With Time We Learn to Trust Others? Long-Standing Ethnic Diversity, Recent Immigration, and Out-Group Trust in Russia
International Migration Review
This article examines the relationship between ethnic diversity and out-group trust in contemporary Russia, while distinguishing between long-standing ethnic diversity and recent immigration. In contrast to previous research that tested whether past regional experience with diversity is related to people's attitudes toward out-group members, we focus on long-standing ethnic diversity, defined as diversity resulting from the long-term coexistence of ethnic groups in a region, not recent immigration.

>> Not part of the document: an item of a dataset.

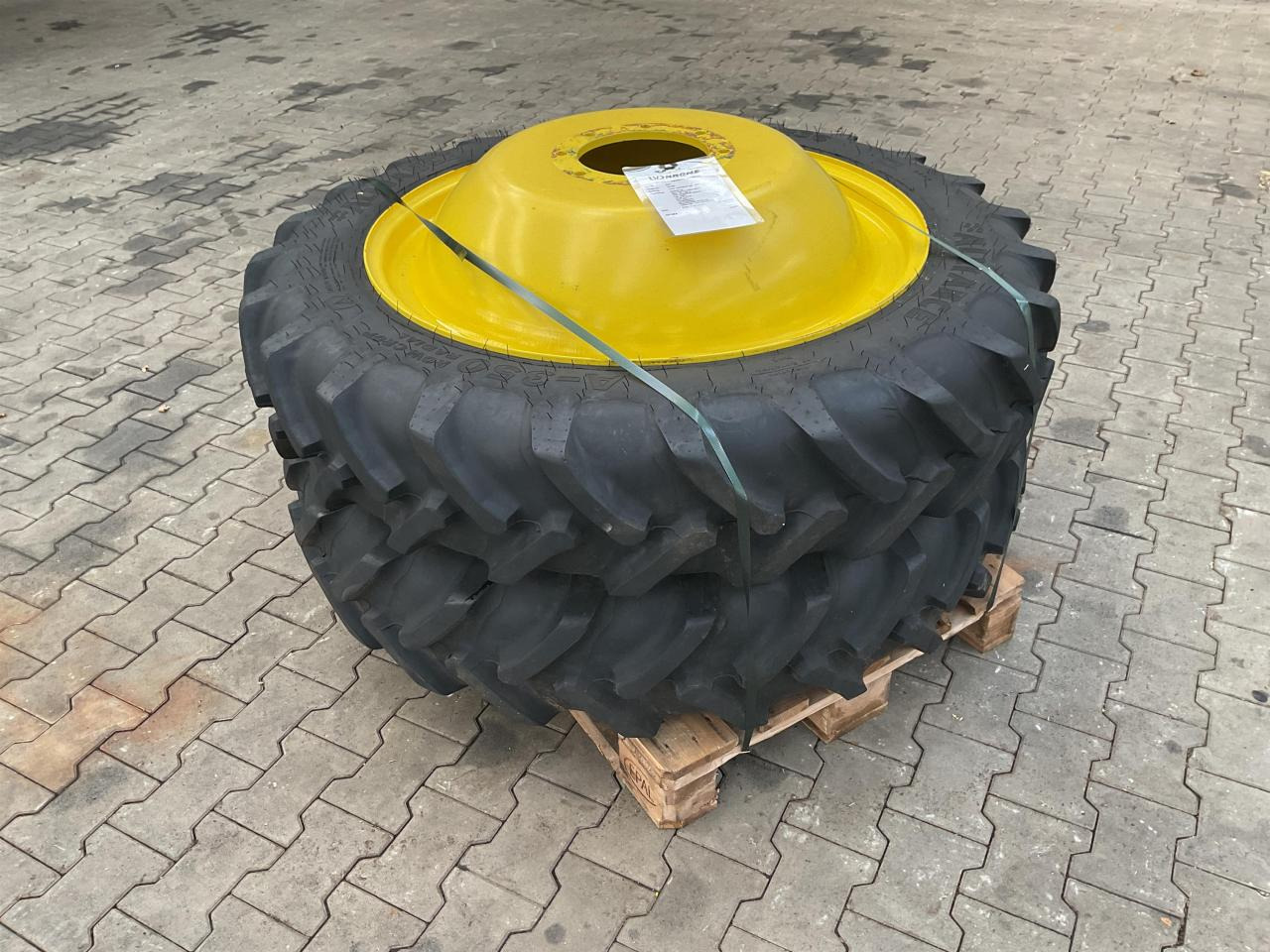 Alliance 270/95R36 - Anvelopă pentru Utilaje agricole: Foto 1 Alliance 270/95R36 - Anvelopă pentru Utilaje agricole: Foto 1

We hypothesize that while the presence of out-groups may initially be threatening to the members of an ethnic group, long-standing diversity has positive consequences for intergroup relations. Using 2015 survey data combined with census and official registration data from Russian regions, we found that inhabitants of regions with higher levels of long-standing ethnic diversity tended to show higher out-group trust, while accounting for socio-economic characteristics of the regions and of individuals. In contrast, inhabitants of regions with higher recent immigration tended to have lower out-group trust, all else held constant. While these associations were weak, they speak in favor of a dynamic model of intergroup trust, which involves learning about others through mutual coexistence. We also acknowledge that the autochthonous status of ethnic minorities and existing institutional arrangements regarding different ethnic groups in Russia may additionally contribute to the development of trust.